This dish has volume, courtesy of a big pile of Chinese egg noodles. Come prepared to party with two spatulas, which makes the lift-and-separate action you’ll need to perform a breeze.
Serves | 4 to 6 |
- 1 Tbsp shaoxing rice wine
- 1 Tbsp garlic-chile sauce
- 1 Tbsp light soy sauce
- 2 tsp tapioca starch
- ¼ tsp sea salt
- ¼ tsp freshly ground white pepper
- 10 oz flank steak, cut into thin slices
- 6 oz Chinese egg noodles
- 5 Tbsp vegetable or peanut oil, divided
- 3 cloves garlic, minced
- 3 Tbsp peeled and grated fresh ginger
- 3 scallions, white and light green parts in thin rings, greens in long thin ribbons
- 2 cups very thin ribbons Chinese (napa) cabbage
- 2 to 3 carrots (1 cup), sliced into matchsticks
- 1 Fresno chile, seeds removed, in paper-thin strips
- ½ cup room temperature Basic Stir-Fry Sauce
- 1 bunch fresh cilantro leaves (to serve)
| Preparation | In a medium bowl, whisk rice wine, garlic-chile sauce, light soy sauce, tapioca starch, salt and pepper together.
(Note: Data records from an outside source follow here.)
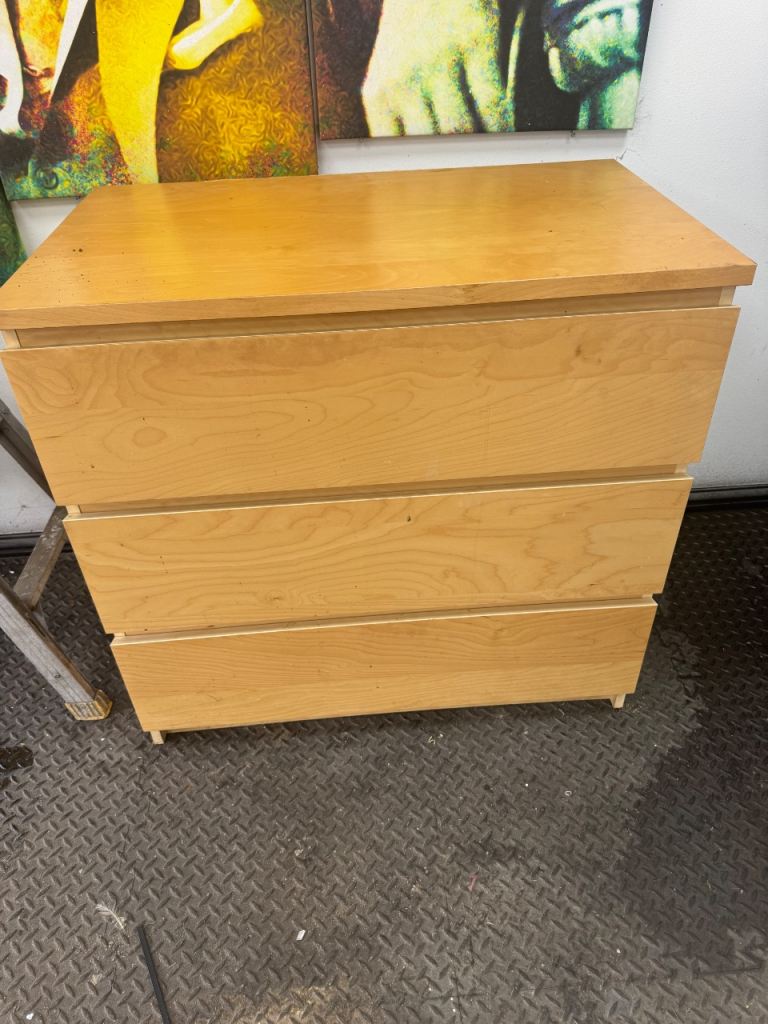 Chest of drawers set of 3 good condition  Size 800mm wide x 770mm high 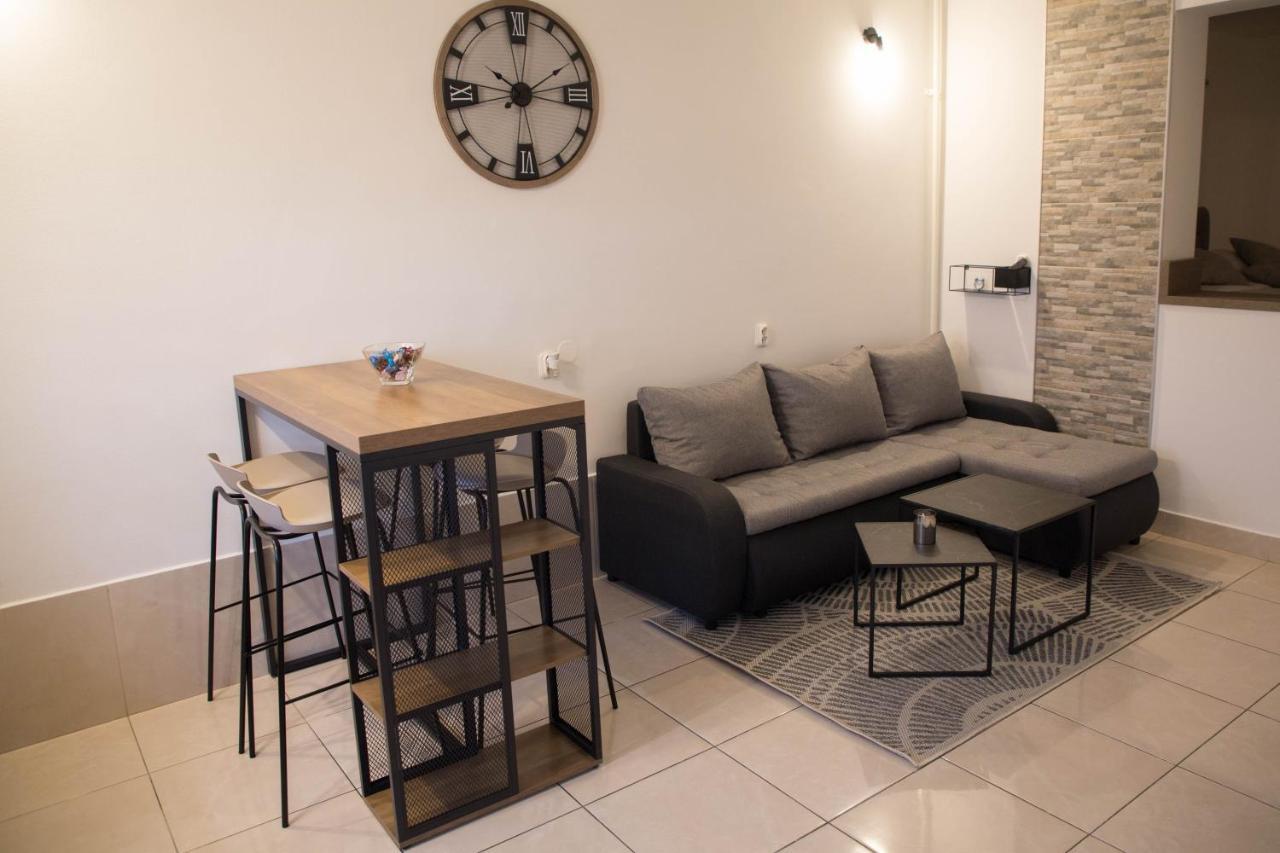 Studio Apartman Suburban Visnjevac ภายนอก รูปภาพ
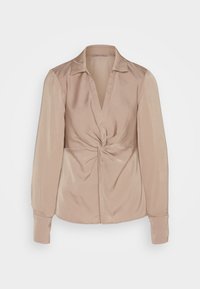 Beige satinblus med djup V-urringning, framknutdetalj och långa ärmar. Har en knappstängd manschett och en slät, glänsande yta.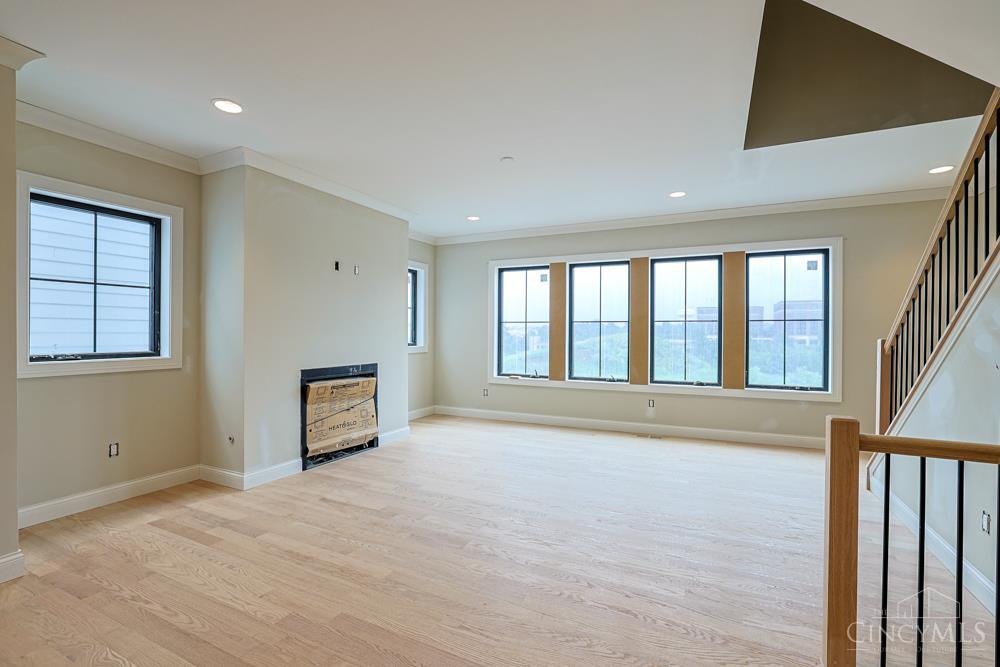 4236 Parkview Drive, Blue Ash, OH, 45242 — photo 7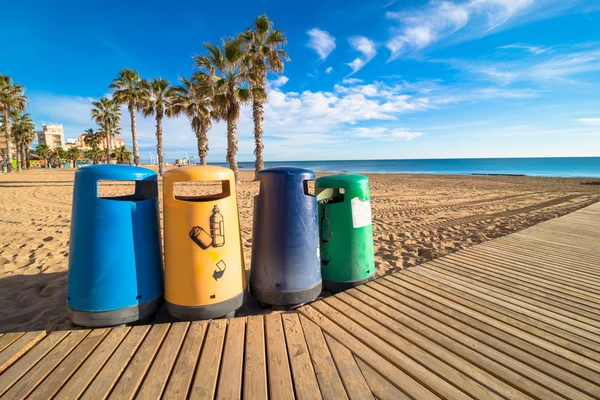 Papeleras de reciclaje en la playa —  Fotos de Stock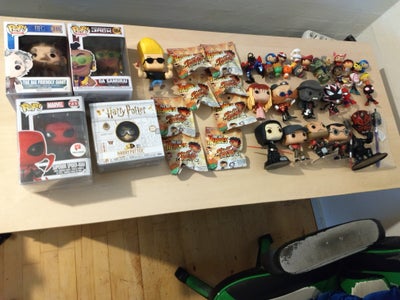 Samlefigurer, Funko figurer, Blandet figurpakke med 43 figurer inklusiv Pops, Mystery Minis, Pint Si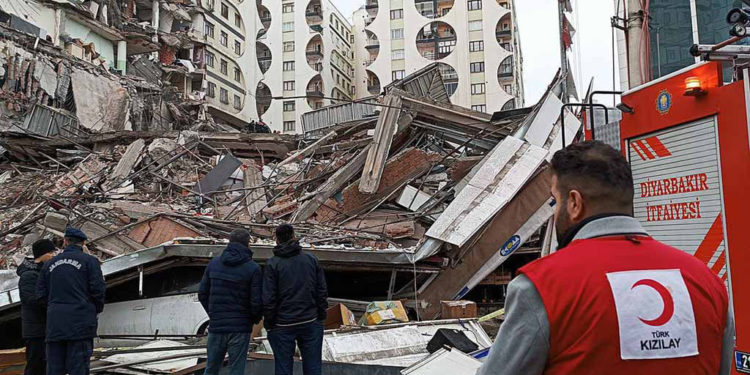 Число пострадавших при новых землетрясениях в Турции и Сирии превысило 1 тыс. человек
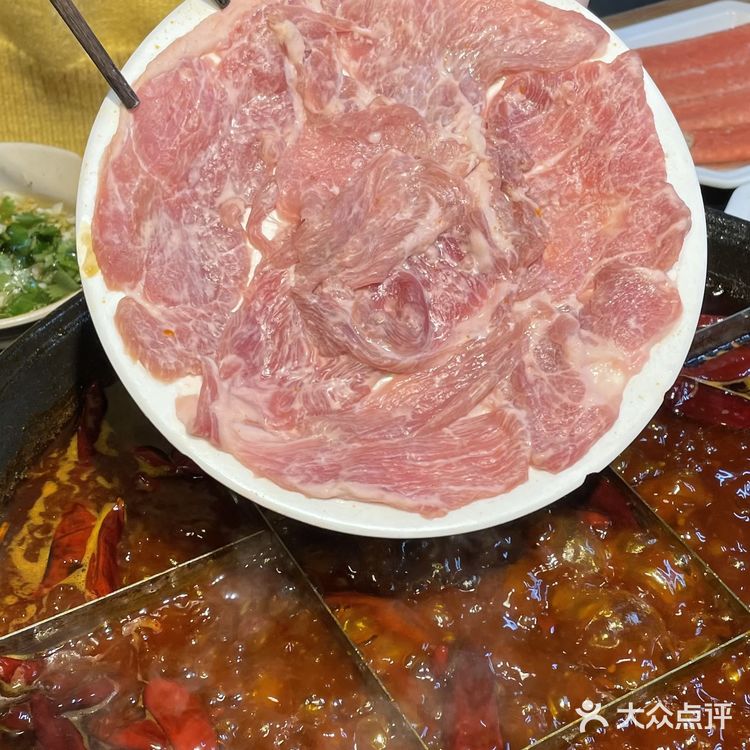 本地人都拍手叫好的这家火锅店！在重庆待了一周吃了五顿！
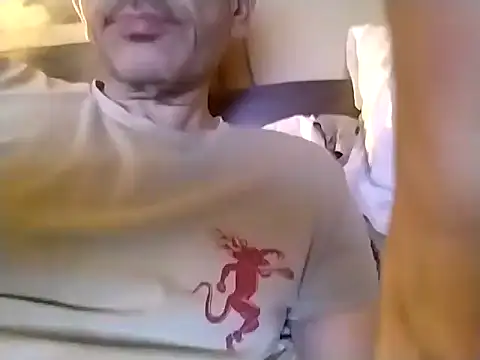 Snapshot of marcanthony6969xh chatting on 10/20/25, 11:10 marcanthony6969xh online show from 10/20/25, 11:10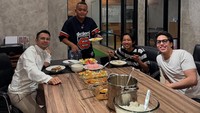 Di Instagramnya, komika kelahiran 22 Juni 1992 sering membagikan kesehariannya, termasuk saat makan bareng rekan artis. Foto: Instagram @yonobakrie
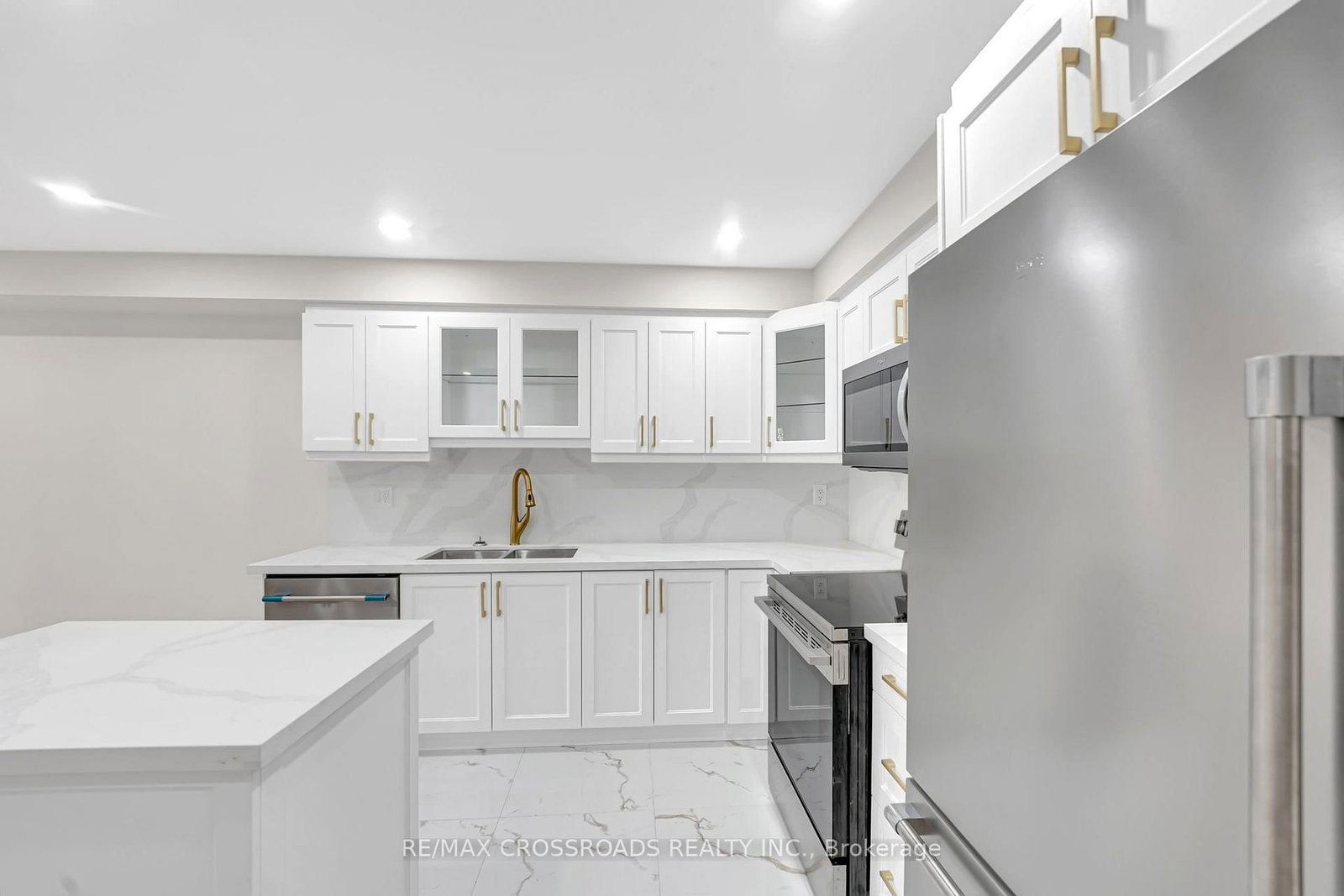 321 Sparrow Circle • Pickering, ON photo 10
Place steak in a shallow baking dish and pour marinade over top, cover tightly and marinate 30 to 45 minutes. Cook egg noodles according to package directions; rinse in cold water, pat dry and set aside.
Heat wok over high heat. Add 2 tablespoons oil and swirl around bottom and sides. Add steak slices and cook, working in batches as needed, stirring constantly until beef is cooked through. Remove with a spider strainer to a plate and set aside. Add remaining oil to wok and swirl around to coat; add garlic, ginger and scallions and heat until fragrant, stirring constantly, 20 seconds. Add cabbage, carrots, chile and prepared noodles, stirring constantly. Lift and separate mixture rapidly as you work so vegetables and noodles are evenly distributed; cook for 1 minute. Add steak and juices back into pan, then add Basic Stir-Fry Sauce and cook until heated through.
| To Serve | Divide onto plates and top with cilantro leaves. Serve immediately.